May 25, 2011 | Unregistered CommenterRobby

@Robby - It seems like it wouldn't be necessary per se, although some Belgian breweries that use open primaries (I'm citing Orval and Westvleteren specifically) rack to a closed vessel when attenuation is reached. Ditto at least some open-fermenting Weissbier producers. And in British breweries that open-ferment, racking or "dropping" serves to rouse those flocculent English ale strains and make sure they attenuate properly. YMMV, listen to your beer, as Fred Eckhardt would say, and then do what it tells you to. Let us know how it goes!

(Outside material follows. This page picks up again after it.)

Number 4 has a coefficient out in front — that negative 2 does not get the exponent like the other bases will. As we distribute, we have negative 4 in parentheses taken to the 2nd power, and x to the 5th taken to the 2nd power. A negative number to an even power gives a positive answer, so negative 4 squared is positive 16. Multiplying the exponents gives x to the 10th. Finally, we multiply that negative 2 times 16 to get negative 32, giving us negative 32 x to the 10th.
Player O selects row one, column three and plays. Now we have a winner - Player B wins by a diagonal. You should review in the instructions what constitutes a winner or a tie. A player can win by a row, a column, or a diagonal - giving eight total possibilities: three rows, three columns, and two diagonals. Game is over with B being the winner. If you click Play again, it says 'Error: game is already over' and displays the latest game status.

May 26, 2011 | Registered CommenterDawson

@Dawson - Thanks for the info. I suspect that on a homebrew scale, it might be "ok" to just put a lid on the bucket after a few days. However, I'm now leaning towards moving to a secondary: (1) because it will help rouse the yeast, as you suggested above, and (2) because it will get the beer out from under that krausen scum that has been sitting around in the open air.

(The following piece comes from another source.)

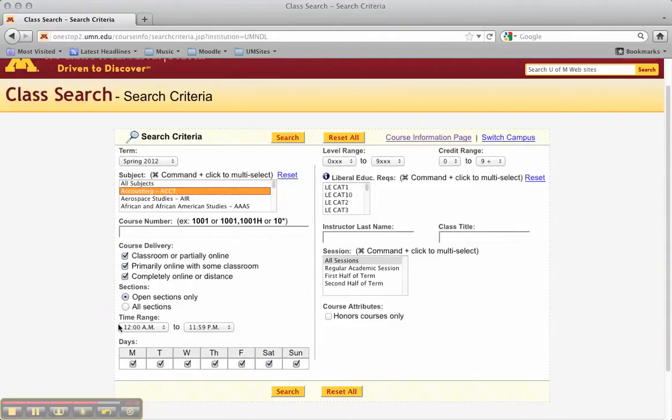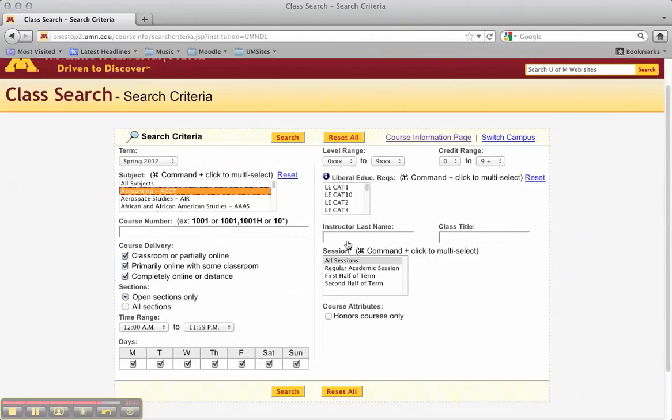If you want, you can look at all the different things. You can search by categories over here. You can search by range level, credits. You can do instructor last name, class title, all of that, time, day. So it's a pretty nifty tool here.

In the later video with the tasting notes for this beer, I see that you suggested splitting a batch and doing half open, half closed. This is exactly what I did with this batch, so at some point, I'll be able to do a back-to-back comparison.

Thanks for the inspiration. It's a cool process, and not nearly as scary as it might seem.

May 26, 2011 | Unregistered CommenterRobby

I just found this site and really enjoyed this episode. I had no fear in what you were doing for this is the way my great grandfather used to brew, though he used a crock with a tea towel cover till fermentation started and he kept it behind the gas space heater they had. His went straight from crock to bottle with only an occasional popped top. I've never tried true brewing like this...yet...but i like that the idea of open brewing is coming back into main stream.